POTD was a “Honey-Do”, pun intended. My wife Tracy made a bee hive last year for honey and bees wax and stocked it with a swarm this spring. Guess the bees like where we are as in about a month’s time they filled the first of two boxes with comb, brood and honey. She happened to check the second box a month later and it was full also. Problem is, if the bees have no place to build their comb, they could swarm and leave to find a new home.
Lower hive box on June 30
Upper box on June 30
Both boxes full by August 7
My wife can be quite meticulous on her projects. Her hive boxes have finger-joints that were cut on our table saw, then hand filled (die filer) and fitted with furniture-quality joinery. Quality can take time, she spent about a month in the evenings making the original boxes. There was a sense of urgency for a couple of additional boxes, so she solicited my help.
I’ve made many finger-joints on my table saw with an indexing jig on the miter gauge, but took the opportunity to do a little CNC programming on my new to me Tormach 1100 mill. I bought the mill close to 2 months ago but haven’t had the time to do anything on it. I have a Bridgeport with a circa 1983 Anilam Crusader 2 controller and am pretty adept at its conversational programming. But until now hadn’t done any G-code programming.
One nice thing about the PathPilot Tormach control is it shows your programmed path on the screen. So, no surprise wild moves because of a fat-fingered coordinate.
The box sides were too long to cut vertically, so that meant cutting with an end mill on the flat which would leave a radius in the corner of the joints. The routine spot drilled, drilled 1/8” corner holes, then milled/routed out the fingers with a ¼” 2-flute end mill. The 1/8” hole minimizes the radii in the corners of the joints.

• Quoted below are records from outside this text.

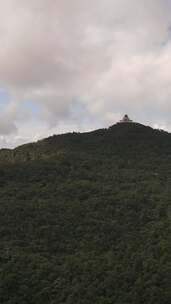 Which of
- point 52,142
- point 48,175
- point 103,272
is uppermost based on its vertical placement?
point 52,142

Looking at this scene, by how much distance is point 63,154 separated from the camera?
5300cm

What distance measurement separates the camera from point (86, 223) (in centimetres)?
3838

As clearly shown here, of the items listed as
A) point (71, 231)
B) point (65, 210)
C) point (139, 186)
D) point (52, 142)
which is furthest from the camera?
point (52, 142)

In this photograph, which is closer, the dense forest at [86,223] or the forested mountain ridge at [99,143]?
the dense forest at [86,223]

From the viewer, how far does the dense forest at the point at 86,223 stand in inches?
1189

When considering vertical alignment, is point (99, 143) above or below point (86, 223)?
above

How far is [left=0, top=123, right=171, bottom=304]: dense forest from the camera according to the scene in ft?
99.1

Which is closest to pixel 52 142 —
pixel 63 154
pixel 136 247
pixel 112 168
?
pixel 63 154

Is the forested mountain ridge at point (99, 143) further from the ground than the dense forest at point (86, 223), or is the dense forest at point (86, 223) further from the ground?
the forested mountain ridge at point (99, 143)

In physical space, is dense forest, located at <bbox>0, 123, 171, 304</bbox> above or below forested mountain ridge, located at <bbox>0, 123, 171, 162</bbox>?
below

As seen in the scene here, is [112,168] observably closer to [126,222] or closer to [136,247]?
[126,222]

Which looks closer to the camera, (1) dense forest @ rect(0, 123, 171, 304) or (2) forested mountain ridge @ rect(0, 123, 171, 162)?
(1) dense forest @ rect(0, 123, 171, 304)

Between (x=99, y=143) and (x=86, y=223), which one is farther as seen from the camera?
(x=99, y=143)

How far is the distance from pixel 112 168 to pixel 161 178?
422 cm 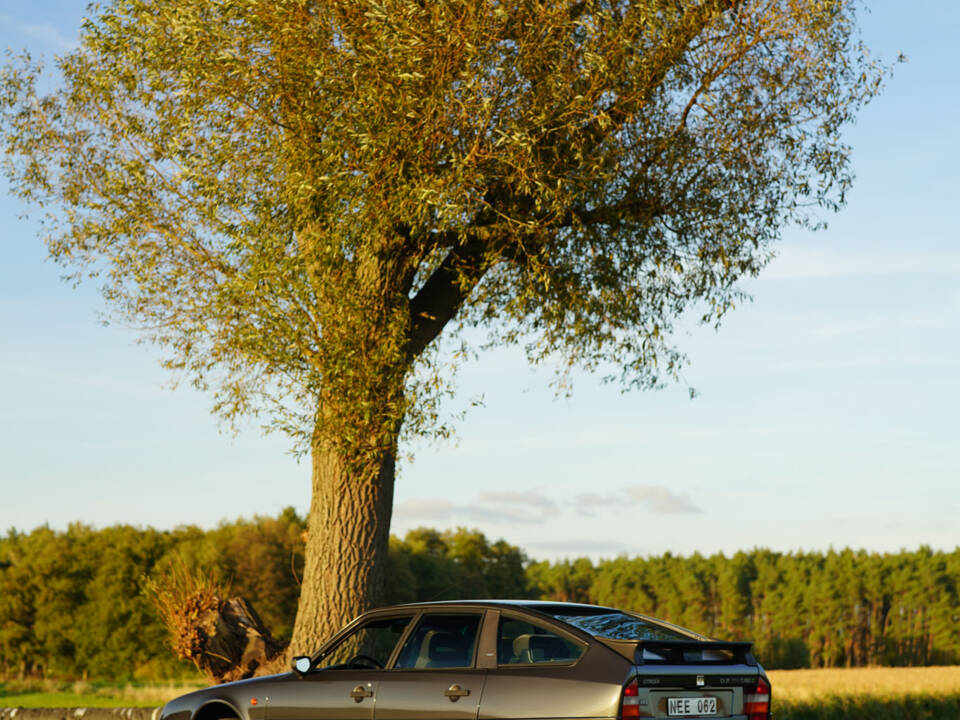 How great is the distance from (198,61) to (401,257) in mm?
3792

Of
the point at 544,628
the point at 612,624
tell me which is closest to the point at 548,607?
the point at 544,628

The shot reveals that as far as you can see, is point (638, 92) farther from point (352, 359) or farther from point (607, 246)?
point (352, 359)

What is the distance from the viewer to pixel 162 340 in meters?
16.1

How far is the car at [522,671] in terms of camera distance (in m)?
6.93

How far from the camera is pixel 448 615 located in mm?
8141

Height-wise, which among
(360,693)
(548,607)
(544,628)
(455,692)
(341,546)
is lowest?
(360,693)

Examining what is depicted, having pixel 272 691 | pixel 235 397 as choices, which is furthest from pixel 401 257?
pixel 272 691

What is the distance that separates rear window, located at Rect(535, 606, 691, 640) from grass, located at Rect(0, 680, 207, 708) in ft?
108

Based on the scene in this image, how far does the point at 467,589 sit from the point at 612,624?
7692cm

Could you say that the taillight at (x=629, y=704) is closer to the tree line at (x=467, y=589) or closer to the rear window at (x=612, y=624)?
the rear window at (x=612, y=624)

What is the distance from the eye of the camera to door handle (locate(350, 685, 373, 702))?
27.4 feet

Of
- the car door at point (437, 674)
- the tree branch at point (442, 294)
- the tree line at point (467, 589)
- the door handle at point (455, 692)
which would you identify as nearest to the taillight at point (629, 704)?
the car door at point (437, 674)

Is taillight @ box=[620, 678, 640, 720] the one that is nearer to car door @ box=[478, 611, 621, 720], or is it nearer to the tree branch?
car door @ box=[478, 611, 621, 720]

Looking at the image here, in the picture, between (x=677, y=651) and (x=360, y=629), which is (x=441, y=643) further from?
(x=677, y=651) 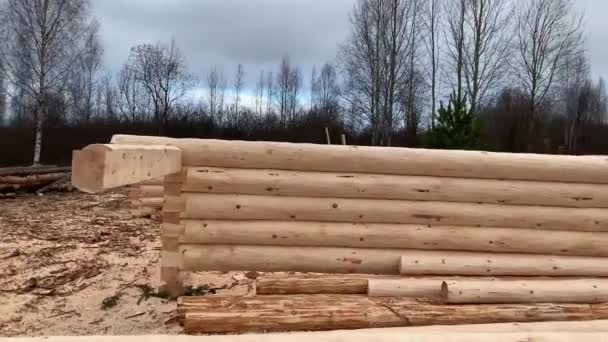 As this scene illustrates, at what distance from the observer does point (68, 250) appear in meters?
6.80

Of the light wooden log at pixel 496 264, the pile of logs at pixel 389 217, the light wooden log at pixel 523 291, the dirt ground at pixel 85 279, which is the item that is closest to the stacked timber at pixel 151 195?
the dirt ground at pixel 85 279

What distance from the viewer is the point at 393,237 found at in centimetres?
473

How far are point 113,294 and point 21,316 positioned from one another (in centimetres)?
82

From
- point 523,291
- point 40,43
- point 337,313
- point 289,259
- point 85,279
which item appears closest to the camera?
point 337,313

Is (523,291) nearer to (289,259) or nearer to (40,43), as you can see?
(289,259)

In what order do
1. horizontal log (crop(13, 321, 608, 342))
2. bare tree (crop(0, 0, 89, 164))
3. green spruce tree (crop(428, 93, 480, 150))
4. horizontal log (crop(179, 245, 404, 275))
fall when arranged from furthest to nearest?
bare tree (crop(0, 0, 89, 164))
green spruce tree (crop(428, 93, 480, 150))
horizontal log (crop(179, 245, 404, 275))
horizontal log (crop(13, 321, 608, 342))

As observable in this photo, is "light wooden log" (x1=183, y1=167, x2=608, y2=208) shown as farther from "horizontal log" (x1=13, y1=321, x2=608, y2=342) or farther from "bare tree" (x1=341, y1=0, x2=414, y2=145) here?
"bare tree" (x1=341, y1=0, x2=414, y2=145)

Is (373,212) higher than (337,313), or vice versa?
(373,212)

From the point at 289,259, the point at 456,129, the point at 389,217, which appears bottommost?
the point at 289,259

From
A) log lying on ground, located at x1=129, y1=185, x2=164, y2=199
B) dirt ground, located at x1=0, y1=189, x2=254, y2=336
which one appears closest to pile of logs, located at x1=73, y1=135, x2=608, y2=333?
dirt ground, located at x1=0, y1=189, x2=254, y2=336

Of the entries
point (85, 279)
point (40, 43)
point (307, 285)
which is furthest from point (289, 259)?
point (40, 43)

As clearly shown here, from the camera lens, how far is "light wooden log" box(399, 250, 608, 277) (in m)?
4.61

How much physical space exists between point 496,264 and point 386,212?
3.60 ft

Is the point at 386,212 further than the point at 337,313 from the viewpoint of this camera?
Yes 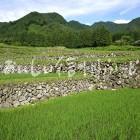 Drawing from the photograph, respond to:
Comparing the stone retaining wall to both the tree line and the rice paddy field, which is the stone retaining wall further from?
the tree line

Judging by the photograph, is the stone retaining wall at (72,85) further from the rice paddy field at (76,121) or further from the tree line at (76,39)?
the tree line at (76,39)

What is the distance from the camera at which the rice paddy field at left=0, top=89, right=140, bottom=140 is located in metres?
8.53

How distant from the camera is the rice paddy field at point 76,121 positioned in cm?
853

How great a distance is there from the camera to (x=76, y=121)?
388 inches

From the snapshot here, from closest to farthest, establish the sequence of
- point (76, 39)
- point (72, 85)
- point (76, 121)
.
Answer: point (76, 121) < point (72, 85) < point (76, 39)

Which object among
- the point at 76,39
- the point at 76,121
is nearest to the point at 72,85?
the point at 76,121

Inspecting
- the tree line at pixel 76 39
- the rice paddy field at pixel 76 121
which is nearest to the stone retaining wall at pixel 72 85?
the rice paddy field at pixel 76 121

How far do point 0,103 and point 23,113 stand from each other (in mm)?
4894

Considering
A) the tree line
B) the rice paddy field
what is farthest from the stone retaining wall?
the tree line

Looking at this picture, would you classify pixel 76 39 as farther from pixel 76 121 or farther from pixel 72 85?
pixel 76 121

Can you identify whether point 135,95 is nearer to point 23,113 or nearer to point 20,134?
point 23,113

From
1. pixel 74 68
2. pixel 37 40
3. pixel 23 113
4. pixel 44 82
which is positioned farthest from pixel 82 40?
pixel 23 113

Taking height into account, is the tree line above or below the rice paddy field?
above

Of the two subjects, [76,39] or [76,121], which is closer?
[76,121] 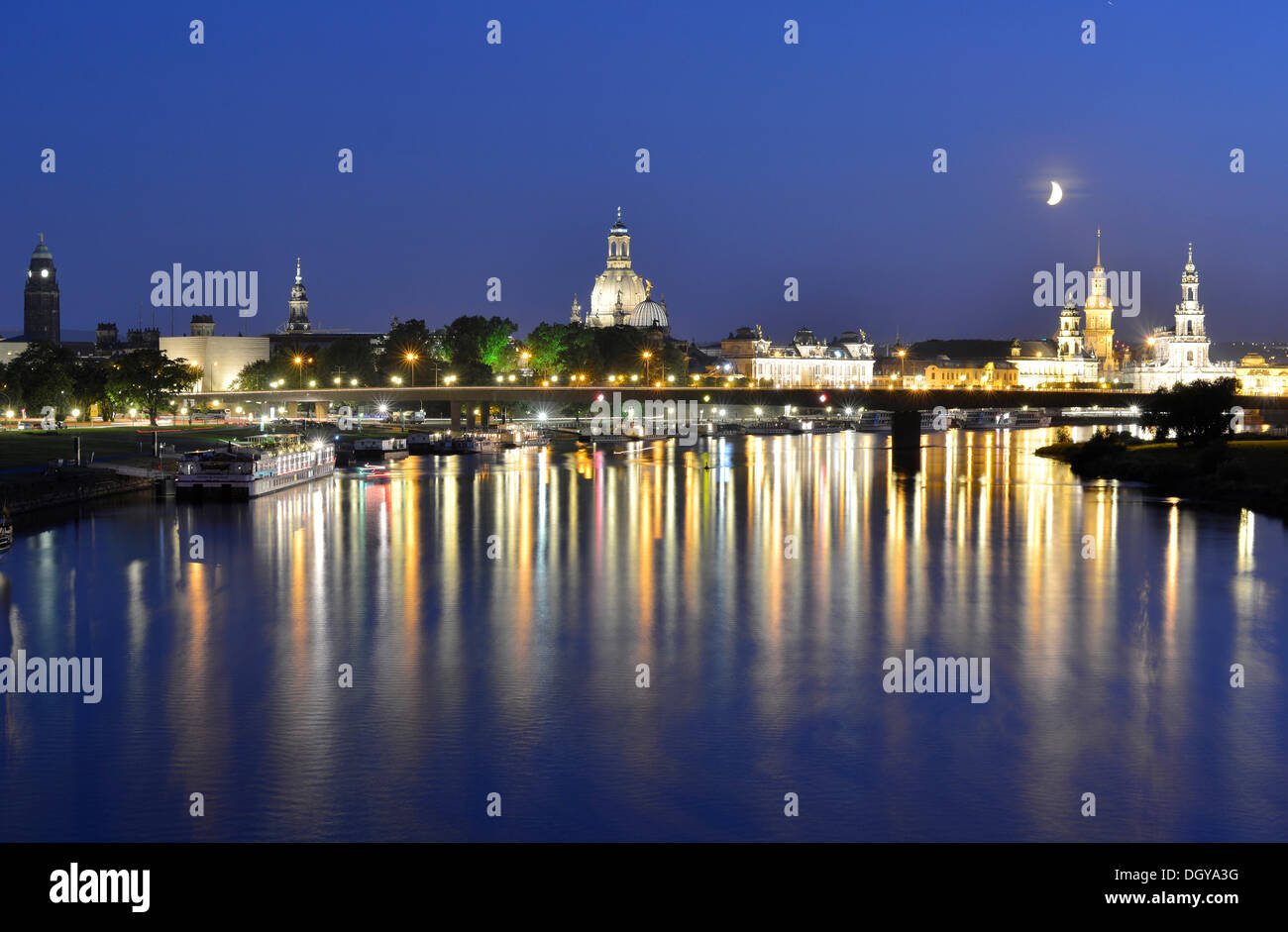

Basic set up for all of the joints. Really like the fixture plate on my Tormach. It's within 0.0005" across 20" last time I checked. Nice to drop in a few 1/2" dowel pins and know you're square to the mill.
Spot drilling
Drilling 1/8" through holes in the bottom corners of the finger joints
1/4" end mill doing the routing
Nice thing about the CNC is naturally repeatability if/when I make multiples. The routines take an extra 0.002” on each side of the notches so there is a little clearance for a slip fit. Figured glue, wood expansion and bees filling any holes naturally would take care of a paper-thick clearance in the joints. Proved out the routines on a scrap piece of plywood, then on to the pine and cedar boards.
One box end has a window cut in it. Used a laser center finder to find the penciled layout lines and wrote a routine to cut out the window. Used a Rotozip bit for the cutter.
Laser center/edge finder picking up the pencil lines for the window cutout
Wrote a routine to cut out the window with a rotozip bit
Assembled "super" box which has a screen under that the queen can't fit through, but the worker bees can. The queen lays eggs for brood in the honeycomb, blocking her from this top box means it'll only have honey in the comb. The bees build the comb from the bottom of sticks called "frames".
Finished standard box with the "peeping Tom" window
Peek from above of the filled 2nd box
Everything went together like a dream. Puts a smile on my face every time I see the mill doing what I’ve told it. Also like the auto tool changer as it automatically changed between the spotting drill, 1/8” drill and ¼” end mill. Gives the option of walking away for the 1 ½ to 3 ½ minutes each routine took to run.
My better half adding the new boxes
Plan is to learn Fusion 360 so the G-codes will be generated from its CAM package, but for now I’m happy with doing G0, G1, G2/3, M06 G43, G81, etc. manually.